--- Extracted material ---
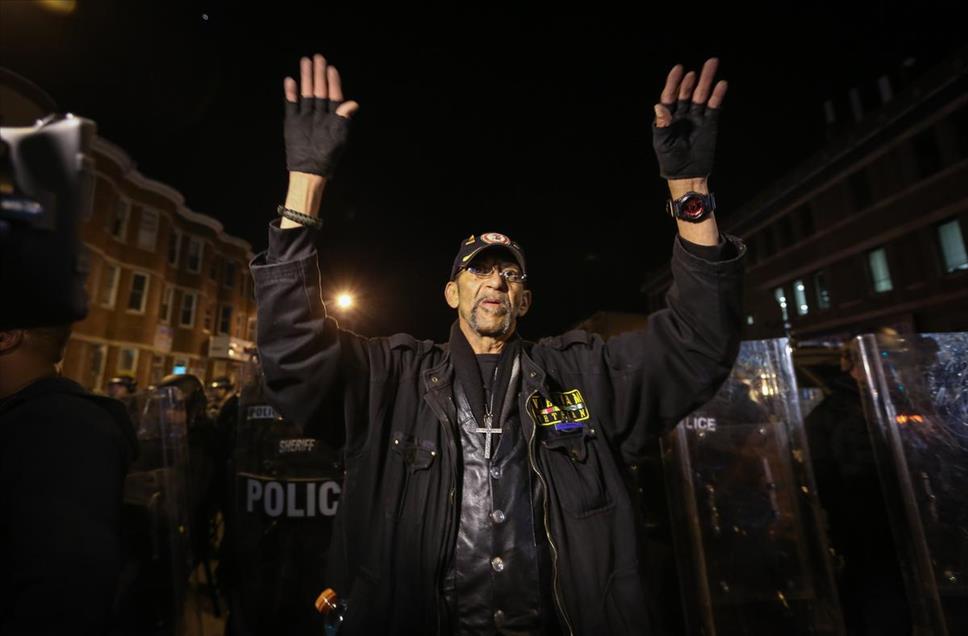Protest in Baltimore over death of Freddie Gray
---
--- Extracted material ---
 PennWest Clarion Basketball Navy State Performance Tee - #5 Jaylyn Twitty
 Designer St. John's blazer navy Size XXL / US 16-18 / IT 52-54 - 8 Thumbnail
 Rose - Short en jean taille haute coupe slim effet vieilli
---
--- Extracted material ---
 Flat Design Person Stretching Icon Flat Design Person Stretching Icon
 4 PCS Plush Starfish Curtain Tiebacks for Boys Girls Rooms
---
*How to complete this task*. Take the records above and return, word for word, only the lines that fall from the line with "Flat Design Person Stretching Icon Flat" to the line with "4 PCS Plush", both of them included.

*Solution for this task*.
 Flat Design Person Stretching Icon Flat Design Person Stretching Icon
 4 PCS Plush Starfish Curtain Tiebacks for Boys Girls Rooms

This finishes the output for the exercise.